▶ PROBLEM REQUIREMENTS: Please keep pictures out and return the lines below exactly, from the one holding "Whatsapp Status Video" through the last, both included.

Short web captions:
******************************

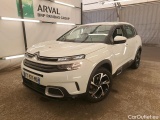  Citroen  C5  Aircross Business 1.5 BlueHDi 130CV BVA8 E6dT 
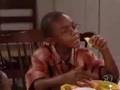 MadTV Pizza Hut Twisted Crust Pizza Complete-za Parody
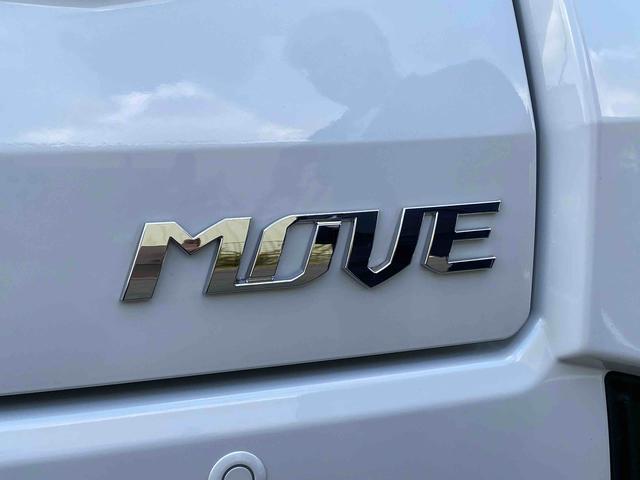 ムーヴカスタム　Ｘリミテッド　ＳＡIII　パノラマモニターダイハツ認定中古車　予防安全機能スマートアシスト搭載　アイドリングストップ　電動格納ミラー　シートリフター　運転席シートヒーター　パノラマモニター　ナビゲーション　ＥＴＣ車載器　キーフリーキー（京都府）の中古車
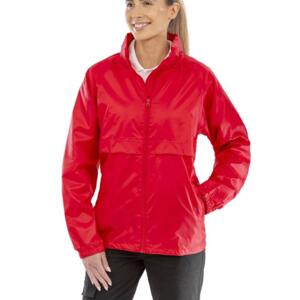 CORE ADULT WINDCHEATER Miniaturansicht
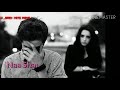 Whatsapp Status Video First Time Dekha Tujhe By Juned Shaikh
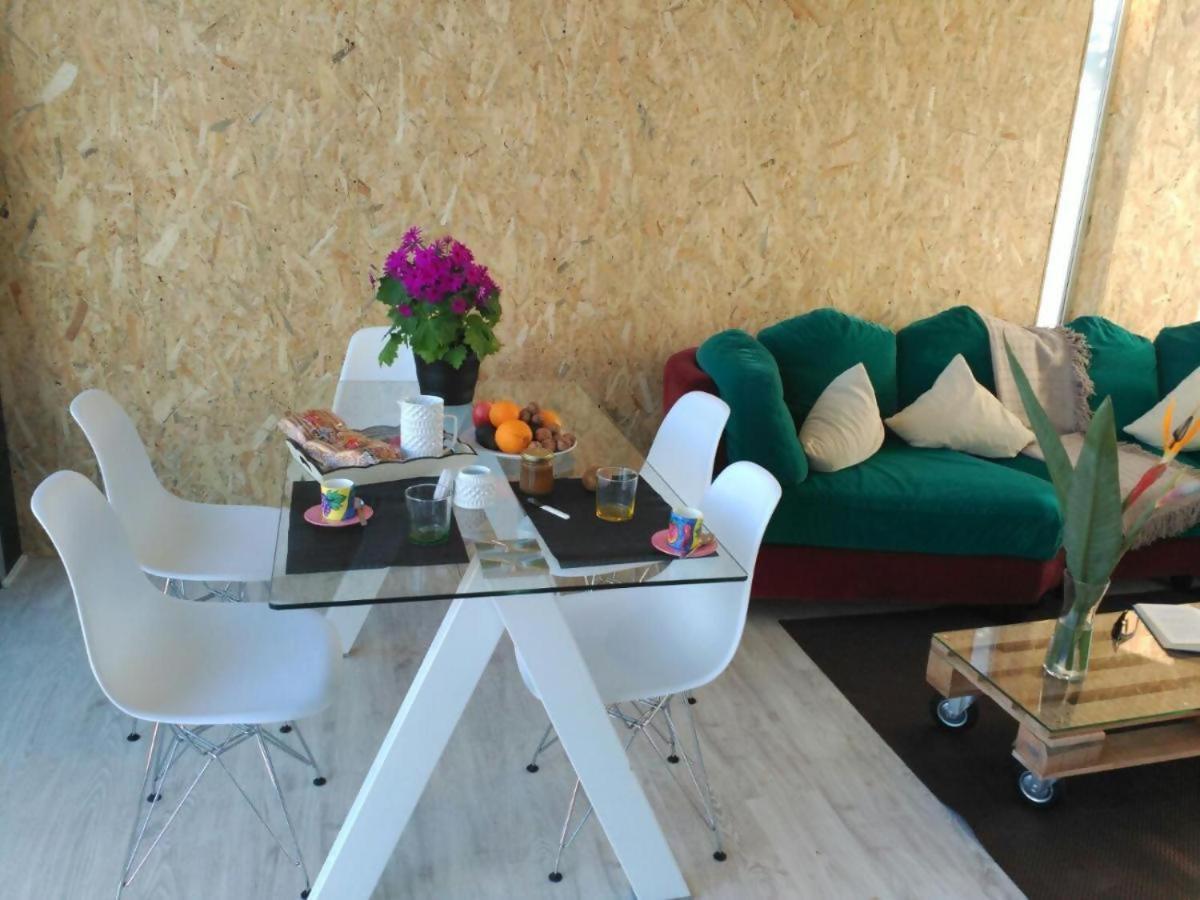 Casa Calima view 2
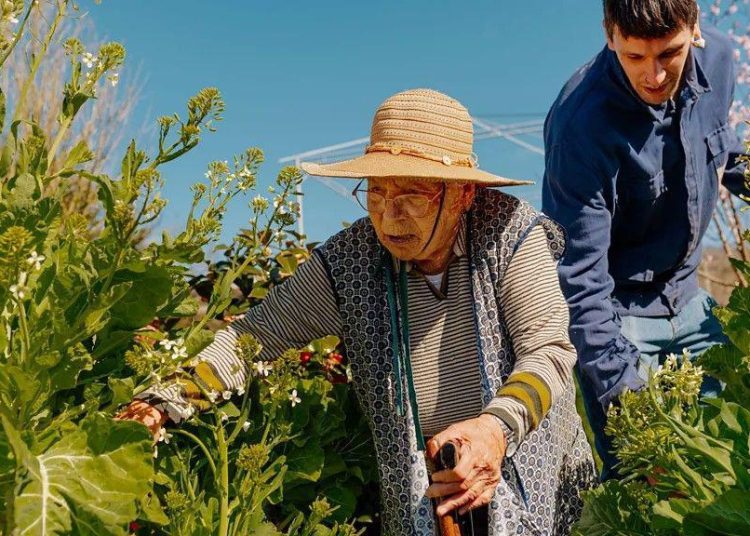 Tips Sehat Aktivitas Singkat Ini Buat Anda Hidup Lebih Lama – Aksara Lokal Tips Sehat: Aktivitas Singkat Ini Buat Anda Hidup Lebih Lama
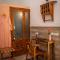 Riad Ambre et Jasmin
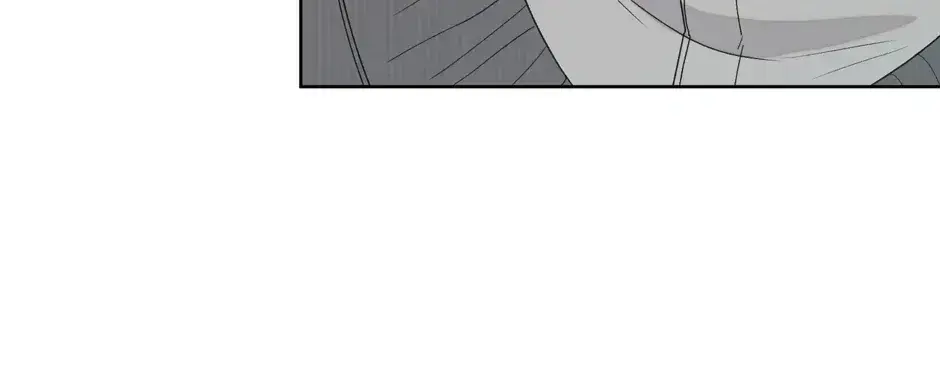 Cry, Devil Cry Chapter 1.5 page 235 - 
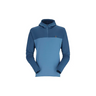 Dihedral Capuchon Veste - Homme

******************************

▶ TASK SOLUTION:
 Whatsapp Status Video First Time Dekha Tujhe By Juned Shaikh
 Casa Calima view 2
 Tips Sehat Aktivitas Singkat Ini Buat Anda Hidup Lebih Lama – Aksara Lokal Tips Sehat: Aktivitas Singkat Ini Buat Anda Hidup Lebih Lama
 Riad Ambre et Jasmin
 Cry, Devil Cry Chapter 1.5 page 235 - 
 Dihedral Capuchon Veste - Homme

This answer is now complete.